- Episode no.: Season 3 Episode 4
- Directed by: Clare Kilner
- Written by: David Hancock
- Cinematography by: Alejandro Martínez
- Editing by: Brenna Rangott
- Original air date: July 12, 2026
- Running time: 62 minutes

Episode chronology
| ← Previous "Rhaenyra Triumphant" | Next → "Unbowed and Unbent" |
- House of the Dragon season 3

= Tumbleton =

"Tumbleton" is the fourth episode of the third season of the fantasy drama television series House of the Dragon. A prequel to Game of Thrones, the series depicts the events leading up to the decline of House Targaryen during a devastating war of succession for the Iron Throne of Westeros known as the "Dance of the Dragons". The episode was written by executive producer David Hancock and directed by Clare Kilner. It first aired on HBO and HBO Max on July 12, 2026.

In the episode, Ormund begins his occupation of Tumbleton while Rhaenyra struggles with how to respond. Aegon and Larys reach Rook's Rest, Criston and Gwayne arrive at Harrenhal, and Daemon makes a discovery that challenges his morals.

The episode received critical acclaim, with praise for writing and plot momentum, and the performances, particularly those of James Norton, Benjamin Evan Ainsworth, Matt Smith, Phoebe Campbell, Tom Glynn-Carney, and Fabien Frankel.

== Plot ==
In the Crownlands, Aegon and Larys come across the body of Sunfyre, who Aegon swears is still alive, before the pair reach Rook's Rest. Aegon is forced to clean latrines in return for food and shelter. When Aegon resists, the rogue soldier running the castle's refugee camp makes him kiss his boots, to Aegon's humiliation.

In the Riverlands, Criston and Gwayne reach Harrenhal, but cannot find Aemond. Alys tells them that Aemond left some time ago, and that she is now the castle's steward. Gwayne suggests they join his cousin Ormund at Tumbleton, but Criston, consumed by nihilism, instead suggests they wage guerrilla warfare against the Tully army, despite the risks.
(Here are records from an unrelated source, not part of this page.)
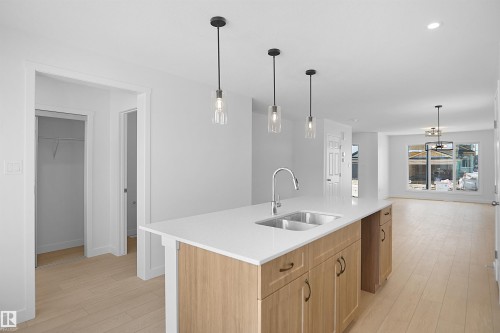 546 Ashgrove Circle, Leduc, AB - Indoor Photo Showing Kitchen With Double Sink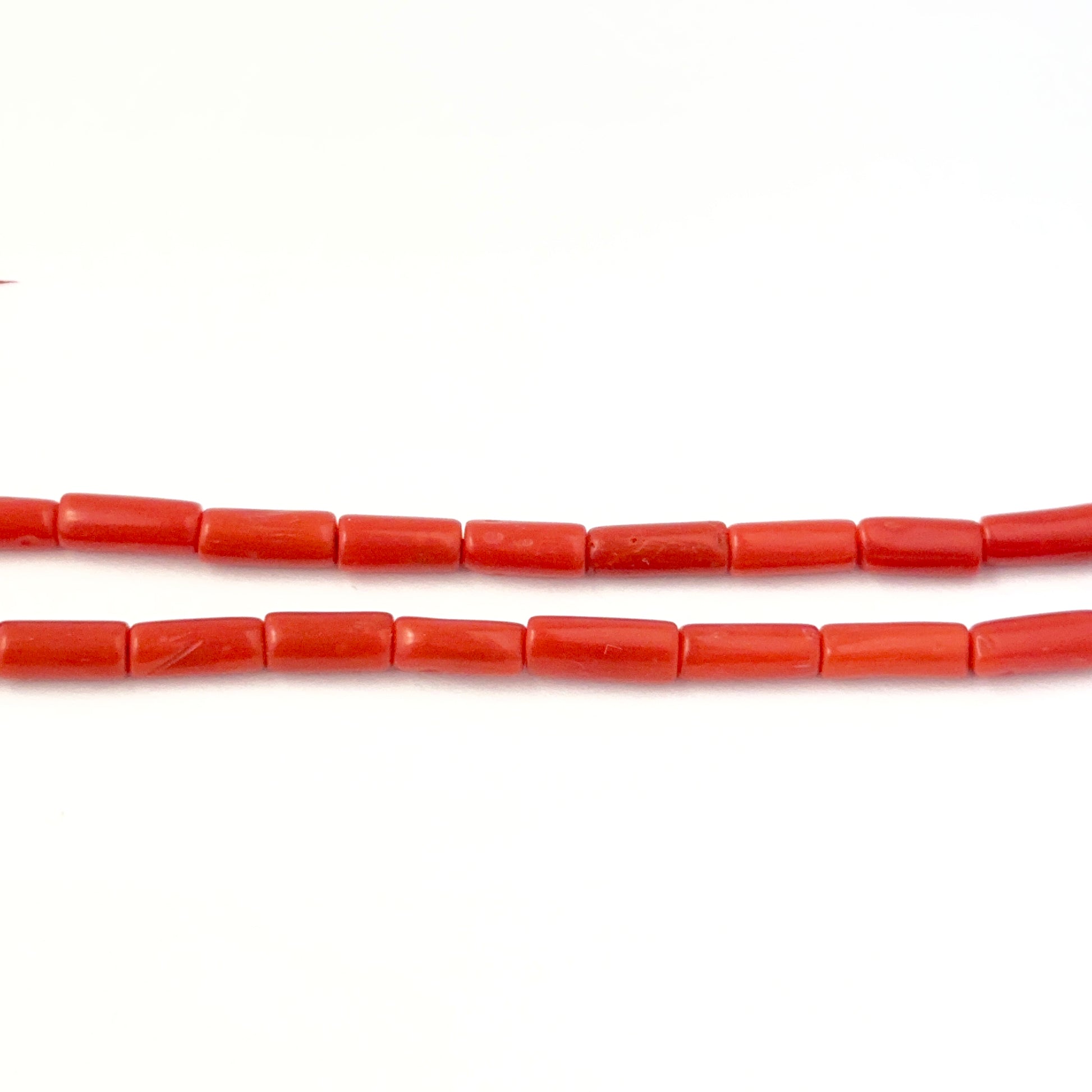 Italian Coral smooth cylinder beads displayed in a pack of five to highlight their warm tone and even sizing.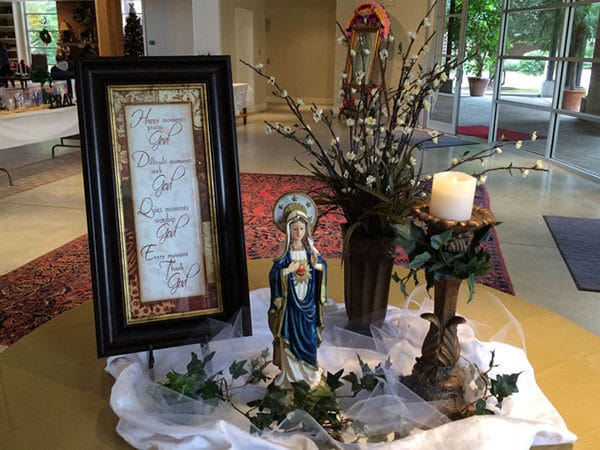reception tabletop with virgin mary.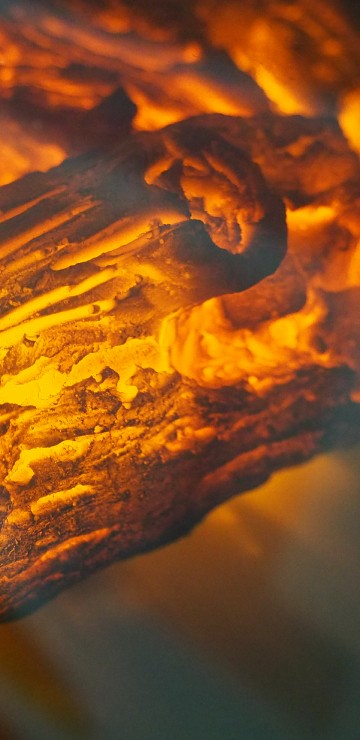 Image brown wood with fire in close up photography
In King's Landing, Rhaenyra assembles a new Small Council and allows Orwyle to remain as Grand Maester. She also permits Alyn to sit in as Hand of the Queen for Corlys, who left the city to fight the remaining Triarchy invaders. Orwyle cautions Rhaenyra against removing the High Septon, warning that this would incite the Faith to rebel against her. Mysaria suggests installing Torrhen as Master of Coin so he can be scapegoated for the city's financial situation. After Ulf requests favors for his drinking friends that are denied, he informs Rhaenyra that the smallfolk had begun spreading rumors of her children's illegitimacy. Rhaenyra orders the City Watch to search for the culprits and sends Hugh and Ulf to observe Tumbleton. Alicent discovers that Helaena is pregnant.

Daemon visits Jeyne in the Vale, who revels in making him uncomfortable, (Note: Jeyne detests Daemon because of her suspicion that he murdered his first wife, Rhea Royce, a vassal house to House Arryn, and banished him from the Vale after her death. These events are depicted in "We Light the Way".) but ultimately agrees to give coin to Rhaenyra's cause. When Daemon leaves, Caraxes disobeys him and flies to a nearby cave, where he discovers Rhaena and realizes she is Sheepstealer's rider. Rhaena argues that she cannot face Rhaenyra, and must live in exile as penance for inadvertently causing Jace's death. Though conflicted about lying to Rhaenyra for Rhaena's protection, Daemon kills a local shepherd and presents his charred head to Rhaenyra. While she becomes frustrated at not getting justice for Jace herself, Mysaria becomes suspicious of Daemon's actions.

In Tumbleton, Ormund continues to occupy the town despite protests from the local nobility. A soldier assaults Kat, Hugh's wife, but her brother defends her, and the soldier is gelded as punishment. Ormund becomes enraged when he receives a letter from Gwayne stating that Aemond is not coming. (Note: In "Salt and Sea, Fire and Blood", Alicent sent Ormund a forged letter from Aemond declaring an intent to aid Ormund with Vhagar.) He chastises Daeron for showing affection towards his dragon Tessarion and forces him to kill Kat's brother, whom Tessarion roasts and eats. Ormund states he shall depose Rhaenyra and install Daeron on the Iron Throne.

== Production ==
=== Writing ===
"Tumbleton" was written by David Hancock, and directed by Clare Kilner, who directed the previous two episodes of the season "Queen's Landing" and "Rhaenyra Triumphant". The episode marks Hancock's third writing credit and Kilner's eighth directing credit.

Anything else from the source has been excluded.